Chef de famille quand son épouse est cheffe d’État, il entretient une relation notoirement compliquée avec l’aîné de ses quatre enfants, le prince Charles, souvent interprétée comme une répercussion de sa propre enfance, dénuée d’affection parentale.

« Charles est un romantique, je suis un pragmatique », concède-t-il à son biographe Gyles Brandreth. « Cela signifie que nous voyons les choses différemment. »

La reine Elizabeth II de Grande-Bretagne et son époux, le prince Philip, duc d’Édimbourg, le 19 juin 2015. (Crédit : Adrian Dennis/AFP)

Mais la famille royale lui sait gré de son infatigable engagement en faveur de la monarchie. « Il est incroyable. Il a été présent toutes ces années, c’est notre roc », avait salué sa petite-fille, la princesse Eugénie.

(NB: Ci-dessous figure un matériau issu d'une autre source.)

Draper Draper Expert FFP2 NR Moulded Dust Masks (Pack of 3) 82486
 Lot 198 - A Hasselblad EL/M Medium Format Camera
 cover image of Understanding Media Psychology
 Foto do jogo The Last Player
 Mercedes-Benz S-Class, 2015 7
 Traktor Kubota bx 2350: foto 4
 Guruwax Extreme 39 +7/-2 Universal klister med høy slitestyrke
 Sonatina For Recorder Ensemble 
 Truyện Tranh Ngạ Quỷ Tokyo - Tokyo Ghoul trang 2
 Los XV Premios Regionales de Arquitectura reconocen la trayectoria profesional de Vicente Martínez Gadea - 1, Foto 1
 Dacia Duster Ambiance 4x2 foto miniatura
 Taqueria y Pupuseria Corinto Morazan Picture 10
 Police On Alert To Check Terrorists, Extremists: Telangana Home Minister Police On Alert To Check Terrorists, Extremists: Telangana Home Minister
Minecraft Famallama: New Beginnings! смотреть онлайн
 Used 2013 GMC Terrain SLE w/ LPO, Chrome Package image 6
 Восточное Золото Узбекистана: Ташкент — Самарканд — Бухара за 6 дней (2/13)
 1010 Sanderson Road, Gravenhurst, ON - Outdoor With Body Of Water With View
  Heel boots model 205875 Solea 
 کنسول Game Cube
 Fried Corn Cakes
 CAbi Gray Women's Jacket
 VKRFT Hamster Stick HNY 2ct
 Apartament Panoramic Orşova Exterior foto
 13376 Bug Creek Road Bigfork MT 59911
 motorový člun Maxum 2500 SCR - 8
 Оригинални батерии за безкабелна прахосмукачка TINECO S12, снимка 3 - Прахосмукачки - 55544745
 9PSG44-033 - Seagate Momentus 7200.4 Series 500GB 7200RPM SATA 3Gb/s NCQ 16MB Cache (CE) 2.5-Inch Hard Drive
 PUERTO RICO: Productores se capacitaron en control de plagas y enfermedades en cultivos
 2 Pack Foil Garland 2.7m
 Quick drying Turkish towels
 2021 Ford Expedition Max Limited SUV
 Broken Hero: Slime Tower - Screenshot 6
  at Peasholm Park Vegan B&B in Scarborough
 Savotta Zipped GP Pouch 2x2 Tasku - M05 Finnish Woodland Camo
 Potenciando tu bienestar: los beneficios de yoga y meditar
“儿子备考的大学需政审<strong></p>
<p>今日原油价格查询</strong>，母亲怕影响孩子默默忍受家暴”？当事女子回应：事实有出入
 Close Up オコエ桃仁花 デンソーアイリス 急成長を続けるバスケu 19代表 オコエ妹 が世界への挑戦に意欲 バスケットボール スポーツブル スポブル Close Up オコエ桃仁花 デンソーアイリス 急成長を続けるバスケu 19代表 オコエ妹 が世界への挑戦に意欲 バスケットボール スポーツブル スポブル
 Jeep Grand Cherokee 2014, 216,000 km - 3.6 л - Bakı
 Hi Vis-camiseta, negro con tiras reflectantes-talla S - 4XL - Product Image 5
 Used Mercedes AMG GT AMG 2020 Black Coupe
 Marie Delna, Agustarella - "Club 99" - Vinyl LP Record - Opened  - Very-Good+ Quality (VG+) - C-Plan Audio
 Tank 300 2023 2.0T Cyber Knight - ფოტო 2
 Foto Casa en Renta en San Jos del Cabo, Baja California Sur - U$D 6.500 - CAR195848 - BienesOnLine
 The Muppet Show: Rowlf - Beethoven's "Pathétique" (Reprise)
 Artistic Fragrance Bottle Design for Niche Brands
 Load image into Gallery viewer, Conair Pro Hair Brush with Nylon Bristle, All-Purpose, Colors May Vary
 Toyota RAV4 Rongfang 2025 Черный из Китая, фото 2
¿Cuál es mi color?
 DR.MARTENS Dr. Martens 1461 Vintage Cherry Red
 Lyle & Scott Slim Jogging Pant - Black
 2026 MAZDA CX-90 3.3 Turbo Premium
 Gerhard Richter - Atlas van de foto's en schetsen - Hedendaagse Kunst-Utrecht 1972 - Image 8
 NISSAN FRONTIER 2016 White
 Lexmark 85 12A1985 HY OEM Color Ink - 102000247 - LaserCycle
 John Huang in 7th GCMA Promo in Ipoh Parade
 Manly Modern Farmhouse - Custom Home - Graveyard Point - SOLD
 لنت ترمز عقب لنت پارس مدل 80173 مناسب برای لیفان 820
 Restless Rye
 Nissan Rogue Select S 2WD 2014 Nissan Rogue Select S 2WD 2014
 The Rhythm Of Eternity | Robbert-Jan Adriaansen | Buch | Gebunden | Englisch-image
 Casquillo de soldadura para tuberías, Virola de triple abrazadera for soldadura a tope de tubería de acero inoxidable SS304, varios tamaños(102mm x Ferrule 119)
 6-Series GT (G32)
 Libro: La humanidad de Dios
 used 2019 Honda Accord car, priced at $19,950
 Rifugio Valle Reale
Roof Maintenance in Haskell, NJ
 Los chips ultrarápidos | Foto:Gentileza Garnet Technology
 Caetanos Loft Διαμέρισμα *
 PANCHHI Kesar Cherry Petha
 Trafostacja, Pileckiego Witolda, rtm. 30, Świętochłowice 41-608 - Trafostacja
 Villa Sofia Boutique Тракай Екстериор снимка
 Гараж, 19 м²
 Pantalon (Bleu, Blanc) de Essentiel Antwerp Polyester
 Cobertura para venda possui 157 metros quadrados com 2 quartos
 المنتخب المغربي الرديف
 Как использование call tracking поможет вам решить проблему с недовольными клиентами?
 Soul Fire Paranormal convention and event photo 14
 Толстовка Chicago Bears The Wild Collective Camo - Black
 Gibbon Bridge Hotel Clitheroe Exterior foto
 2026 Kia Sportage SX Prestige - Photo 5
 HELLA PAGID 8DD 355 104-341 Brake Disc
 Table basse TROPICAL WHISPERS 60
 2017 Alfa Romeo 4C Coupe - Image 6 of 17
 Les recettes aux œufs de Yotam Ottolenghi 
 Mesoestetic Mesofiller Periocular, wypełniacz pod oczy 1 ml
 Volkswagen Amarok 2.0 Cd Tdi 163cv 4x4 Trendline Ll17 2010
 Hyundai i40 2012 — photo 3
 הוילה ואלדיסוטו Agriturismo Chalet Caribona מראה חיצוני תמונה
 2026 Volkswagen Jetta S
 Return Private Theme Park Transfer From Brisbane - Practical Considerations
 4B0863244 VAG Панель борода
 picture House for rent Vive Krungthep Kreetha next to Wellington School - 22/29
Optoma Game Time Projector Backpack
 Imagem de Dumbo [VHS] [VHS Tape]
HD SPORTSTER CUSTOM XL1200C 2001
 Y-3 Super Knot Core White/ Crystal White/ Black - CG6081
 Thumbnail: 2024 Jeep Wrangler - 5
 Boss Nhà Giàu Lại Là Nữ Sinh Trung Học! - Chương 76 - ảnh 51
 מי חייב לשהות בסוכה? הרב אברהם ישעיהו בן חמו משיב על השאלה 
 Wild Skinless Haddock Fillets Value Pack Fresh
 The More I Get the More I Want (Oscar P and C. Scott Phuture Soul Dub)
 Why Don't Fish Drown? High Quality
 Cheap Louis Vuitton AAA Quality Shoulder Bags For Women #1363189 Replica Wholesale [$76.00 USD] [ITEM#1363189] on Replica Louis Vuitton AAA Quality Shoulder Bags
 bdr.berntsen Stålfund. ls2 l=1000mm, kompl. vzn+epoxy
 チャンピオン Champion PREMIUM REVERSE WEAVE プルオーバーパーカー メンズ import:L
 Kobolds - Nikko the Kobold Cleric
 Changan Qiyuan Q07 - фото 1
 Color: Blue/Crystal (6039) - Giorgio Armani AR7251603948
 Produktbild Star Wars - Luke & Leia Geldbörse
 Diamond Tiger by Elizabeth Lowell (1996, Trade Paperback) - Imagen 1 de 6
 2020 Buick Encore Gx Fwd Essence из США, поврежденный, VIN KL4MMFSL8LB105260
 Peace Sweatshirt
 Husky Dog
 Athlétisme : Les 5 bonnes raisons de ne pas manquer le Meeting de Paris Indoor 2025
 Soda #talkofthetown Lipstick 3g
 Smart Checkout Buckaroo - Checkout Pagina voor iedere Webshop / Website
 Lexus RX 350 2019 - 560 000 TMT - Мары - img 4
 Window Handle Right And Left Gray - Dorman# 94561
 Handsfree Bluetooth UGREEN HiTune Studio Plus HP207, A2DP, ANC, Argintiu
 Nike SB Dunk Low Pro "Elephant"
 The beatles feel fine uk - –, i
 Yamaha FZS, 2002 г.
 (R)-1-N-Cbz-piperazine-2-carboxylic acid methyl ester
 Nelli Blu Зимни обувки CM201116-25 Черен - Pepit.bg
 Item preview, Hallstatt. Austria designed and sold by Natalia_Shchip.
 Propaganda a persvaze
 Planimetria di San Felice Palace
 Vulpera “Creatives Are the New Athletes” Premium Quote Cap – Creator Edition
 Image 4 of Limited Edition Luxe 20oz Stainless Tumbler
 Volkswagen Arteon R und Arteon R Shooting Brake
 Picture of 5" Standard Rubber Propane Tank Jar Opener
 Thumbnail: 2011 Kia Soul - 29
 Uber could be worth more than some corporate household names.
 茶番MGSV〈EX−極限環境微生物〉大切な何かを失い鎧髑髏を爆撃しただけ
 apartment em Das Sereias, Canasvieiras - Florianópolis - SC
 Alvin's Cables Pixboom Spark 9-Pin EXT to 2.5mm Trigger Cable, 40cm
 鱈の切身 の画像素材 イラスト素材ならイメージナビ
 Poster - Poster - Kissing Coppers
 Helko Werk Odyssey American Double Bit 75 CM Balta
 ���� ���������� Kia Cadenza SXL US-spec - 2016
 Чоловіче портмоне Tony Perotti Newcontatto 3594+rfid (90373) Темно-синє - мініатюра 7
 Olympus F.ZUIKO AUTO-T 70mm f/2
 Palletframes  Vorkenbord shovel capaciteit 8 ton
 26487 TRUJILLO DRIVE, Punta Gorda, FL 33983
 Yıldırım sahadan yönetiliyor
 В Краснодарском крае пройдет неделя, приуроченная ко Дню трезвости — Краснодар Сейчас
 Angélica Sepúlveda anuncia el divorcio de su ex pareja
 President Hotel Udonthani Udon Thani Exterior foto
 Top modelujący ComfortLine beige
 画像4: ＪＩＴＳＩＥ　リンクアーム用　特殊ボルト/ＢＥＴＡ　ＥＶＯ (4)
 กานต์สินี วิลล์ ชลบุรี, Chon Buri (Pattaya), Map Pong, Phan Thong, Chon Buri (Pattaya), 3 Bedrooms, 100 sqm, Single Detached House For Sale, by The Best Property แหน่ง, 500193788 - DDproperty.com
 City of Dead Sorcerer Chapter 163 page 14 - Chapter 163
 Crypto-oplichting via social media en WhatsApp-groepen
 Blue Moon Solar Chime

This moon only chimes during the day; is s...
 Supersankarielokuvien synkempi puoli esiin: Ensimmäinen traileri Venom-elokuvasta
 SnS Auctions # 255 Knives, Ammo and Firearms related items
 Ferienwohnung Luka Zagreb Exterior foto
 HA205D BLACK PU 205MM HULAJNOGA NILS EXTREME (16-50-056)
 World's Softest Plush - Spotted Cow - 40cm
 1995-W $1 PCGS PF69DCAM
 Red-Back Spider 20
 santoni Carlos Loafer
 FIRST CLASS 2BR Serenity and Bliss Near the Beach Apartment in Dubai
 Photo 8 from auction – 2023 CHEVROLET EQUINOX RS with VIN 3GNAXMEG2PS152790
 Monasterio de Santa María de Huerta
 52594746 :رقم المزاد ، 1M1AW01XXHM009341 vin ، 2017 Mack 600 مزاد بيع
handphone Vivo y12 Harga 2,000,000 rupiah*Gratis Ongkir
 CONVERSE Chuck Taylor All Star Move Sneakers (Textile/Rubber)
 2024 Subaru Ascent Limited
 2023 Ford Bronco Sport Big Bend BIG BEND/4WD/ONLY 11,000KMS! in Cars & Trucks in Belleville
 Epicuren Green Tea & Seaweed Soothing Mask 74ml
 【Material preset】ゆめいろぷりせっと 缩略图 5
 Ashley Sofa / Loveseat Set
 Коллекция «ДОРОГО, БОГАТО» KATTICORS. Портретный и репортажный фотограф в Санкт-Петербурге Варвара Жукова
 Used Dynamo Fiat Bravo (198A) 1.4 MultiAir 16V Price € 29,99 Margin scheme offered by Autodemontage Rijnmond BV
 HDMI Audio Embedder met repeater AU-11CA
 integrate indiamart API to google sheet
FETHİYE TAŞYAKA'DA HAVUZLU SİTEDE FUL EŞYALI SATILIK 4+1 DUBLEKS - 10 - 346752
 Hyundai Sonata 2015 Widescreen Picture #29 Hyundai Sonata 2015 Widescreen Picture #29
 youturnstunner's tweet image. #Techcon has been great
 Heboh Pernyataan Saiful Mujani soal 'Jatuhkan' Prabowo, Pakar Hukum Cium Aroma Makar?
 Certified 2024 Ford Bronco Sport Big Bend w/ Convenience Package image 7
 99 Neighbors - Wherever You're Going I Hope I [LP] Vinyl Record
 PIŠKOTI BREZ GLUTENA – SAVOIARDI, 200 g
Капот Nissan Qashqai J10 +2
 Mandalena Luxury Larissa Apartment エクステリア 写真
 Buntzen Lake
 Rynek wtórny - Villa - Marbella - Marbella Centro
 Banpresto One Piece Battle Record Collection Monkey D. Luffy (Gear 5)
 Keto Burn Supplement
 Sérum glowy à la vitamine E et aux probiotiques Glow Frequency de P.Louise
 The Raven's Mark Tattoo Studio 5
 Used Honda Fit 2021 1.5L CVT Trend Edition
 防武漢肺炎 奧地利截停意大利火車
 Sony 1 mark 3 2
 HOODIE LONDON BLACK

Détenteur du record de longévité des conjoints des souverains au Royaume-Uni, le prince Philip avait pris sa retraite publique en 2017, à l’âge de 96 ans, après avoir honoré son 22 219e et dernier engagement solo : passer en revue une parade des Royal Marines, dont il était le général en chef.

En janvier 2019, la Land Rover qu’il conduisait avait percuté un autre véhicule en sortant d’une allée du domaine de Sandringham et s’était renversée. Sorti indemne de l’accident, il avait renoncé à conduire.